Where the Discretionary Trust is a protective trust for a Special Needs individual who is incapacitated/incapable of managing their affairs, the Trust may be exempt from this tax.
Where the Discretionary Trust is not protective but is for a young child, the discretionary trust tax of 6% will arise on the death of the parent(s) or when the youngest child beneficiary is 21, whichever is later.
Fixed trusts
Another form of trust is a fixed trust, wherein each beneficiary has a fixed entitlement to a specific share of or interest in the assets owned by the trust. For example, the trustees might hold property equally between children of the settlor to be paid to them upon reaching a particular age. A life interest trust is another example of a fixed interest trust, with the life tenant entitled to the income from the trust for life and the capital on the death of the life tenant being held for another beneficiary, generally referred to as the remainderman.
How would you distinguish those roles? Or what is the difference between acting as an Executor and a Trustee?
The role or function of the executor is to take all the necessary steps to obtain the Grant of Probate.
The role of the Trustee takes over once the probate has been granted, and the Trustee manages or looks after the assets until the beneficiaries reach the age when they become entitled to the assets in their own right, e.g. 21 or 23.
How do people choose Trustees?
I always say to my clients – choose someone that you know, like and 'trust'. If anything happens, you will be handing over responsibility and authority to them to look after your assets until your children are of a certain age. I would often say to people, make sure that you are happy that that person can make the right financial decisions for your children – they, after all, will have control of the purse strings.
What powers do the Trustees have over the assets and money?
There is little doubt that the Trustee takes on a very onerous task, and they must act in good faith and ensure that they are not reckless or dishonest in their dealings with the assets.
The trustees have the power to make investments and to change those investments.
Trustees have the power to sell assets.
Trustees also said earlier that they have the power to make payments out of the estate's capital. Those might be to cover educational expenses or medical expenses.
Carry out the appropriation of assets to beneficiaries, which is the distribution of assets according to their circumstances. An example of how this might work would be when you have an estate made up of cash and a house. Take this situation where there are two children, and the beneficiaries decide to give the home to one child and the cash to the other, who is not living locally and has no interest in the house. I am assuming, for this example, that the house and money are of equal value.
You might give broad powers, e.g. to carry on a business and appoint managers for the business.
What happens in circumstances where you have a child with a disability and will never be able to manage their affairs?
In that situation, a parent would be advised to set up a discretionary trust will. The Will directs the Trustees to use the money or assets to maintain the child or children, but the Trustees have absolute discretion on how and when the money is used, if at all. The beneficiary of the Trust will never become entitled to the funds or assets in this case.
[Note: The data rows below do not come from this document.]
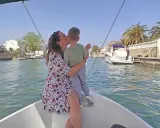 Madre besa a su hijo en un paseo en barco por los canales de Empuriabrava, con palmeras y casas blancas al fondo.
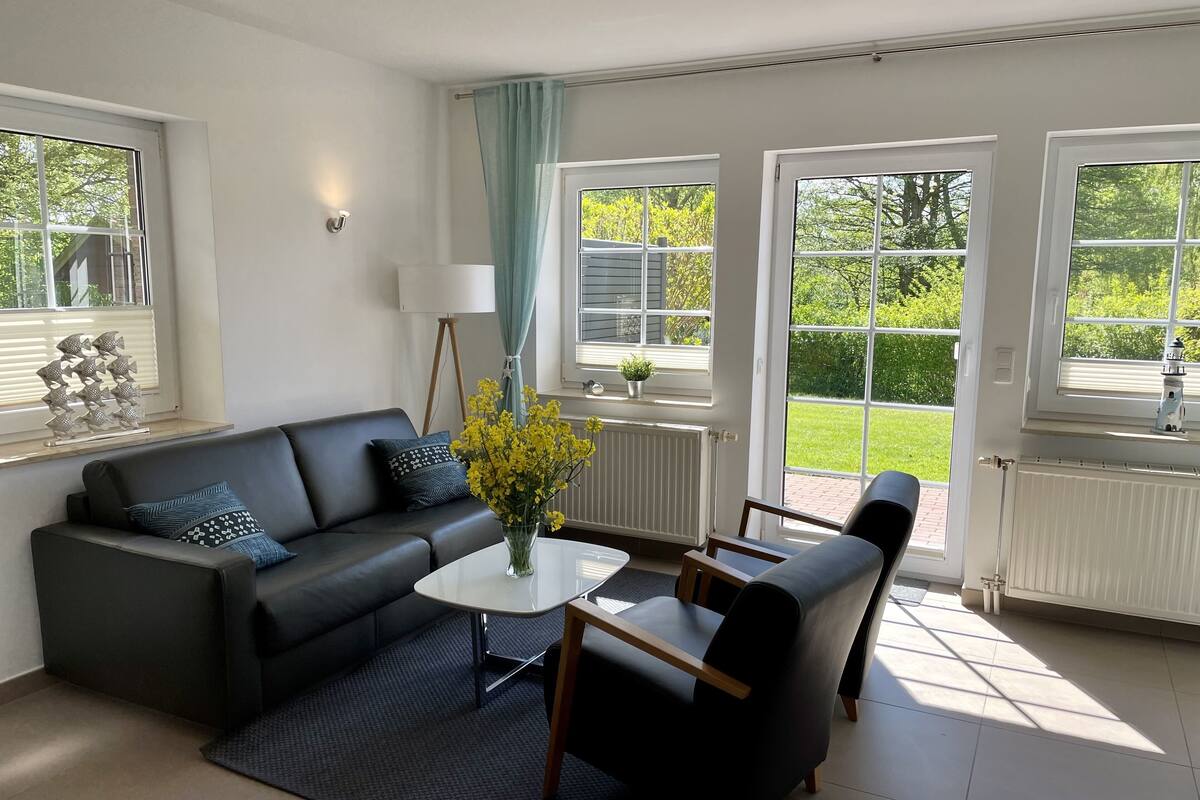 A modern living room with a black sofa, a coffee table, and a chair. There are large windows with curtains, a radiator, and a small plant on the windowsill.
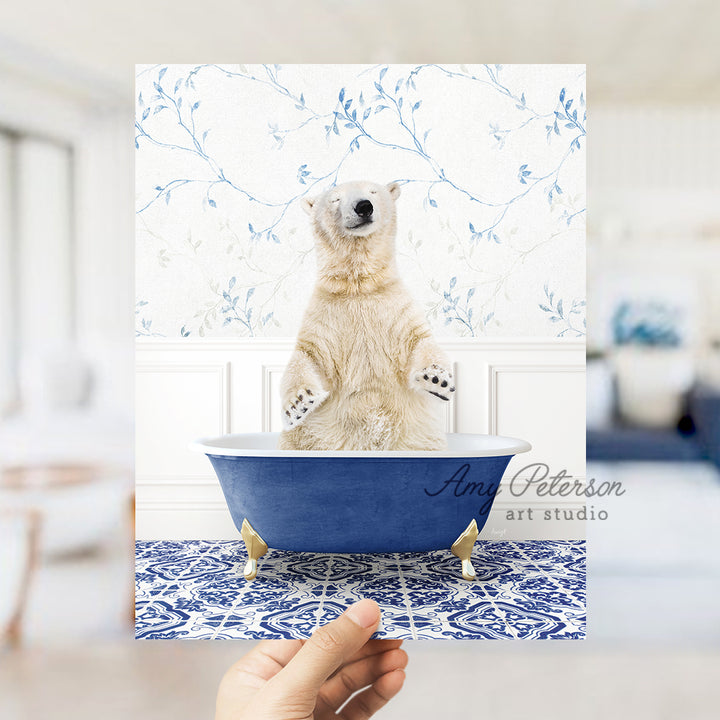 a polar bear sitting in a blue bath tub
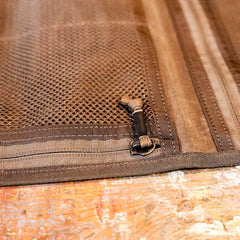 Close-up of the Wire Dopp - Waxed Canvas by GORUCK, featuring a brown mesh fabric with a zipper and toggle fastening on a wooden surface, highlighting its intricate stitching. Perfect for travel essentials, the textured design ensures optimal organization while providing durability similar to waxed canvas.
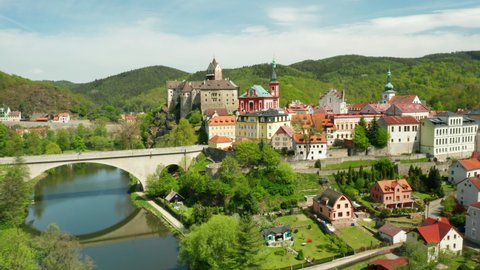 Flight over Loket castle, surrounded by river Ohri and small houses on a river shore, near Kariovy Vary, Czech Republic.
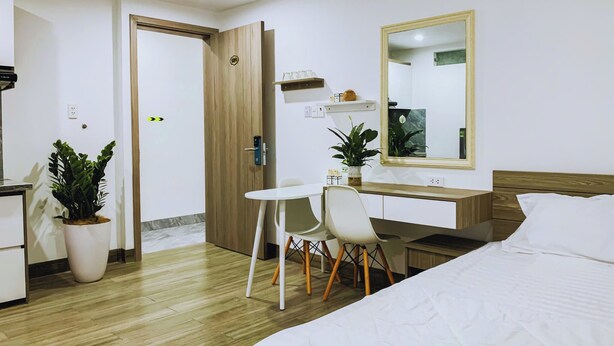 Ett hotellrum med en säng, ett skrivbord, en stol, en spegel och en krukväxt.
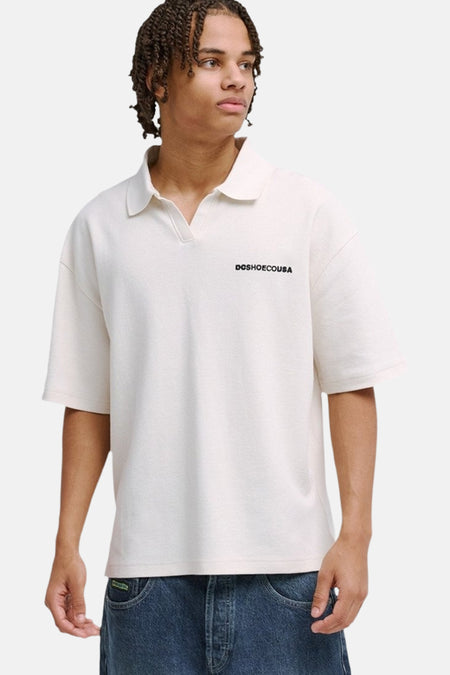 Polo oversize blanche de DC SHOES avec texture légère, vue arrière. Modèle avec tresses et jean.
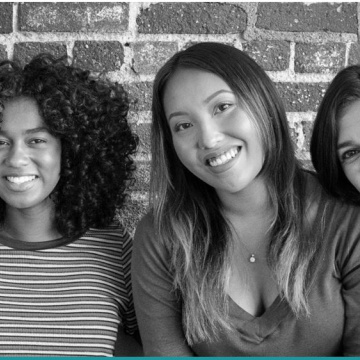 Black and white photo of three women smiling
So where do you go from here - estate and succession planning?
While making a Will is undoubtedly the first step in planning ahead, there are other issues to consider.
Estate planning is planning the transfer of assets to the next generation.
For instance, you may wish to transfer your business or farm to one of your children working in the business or on the farm. You may want to give your children a benefit now as they start their adult lives to help get them set up.
The first step in estate planning is ensuring that you are financially secure and then planning for any benefits you can pass on to your family during your lifetime or on your passing.